BEGIN
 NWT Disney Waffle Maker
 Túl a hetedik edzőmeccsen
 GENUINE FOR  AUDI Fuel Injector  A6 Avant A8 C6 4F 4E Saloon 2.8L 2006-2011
END
◆ Goal of the exercise ◆
Line by line, repeat the material precisely.

◆ Task solution ◆
 NWT Disney Waffle Maker
 Túl a hetedik edzőmeccsen
 GENUINE FOR  AUDI Fuel Injector  A6 Avant A8 C6 4F 4E Saloon 2.8L 2006-2011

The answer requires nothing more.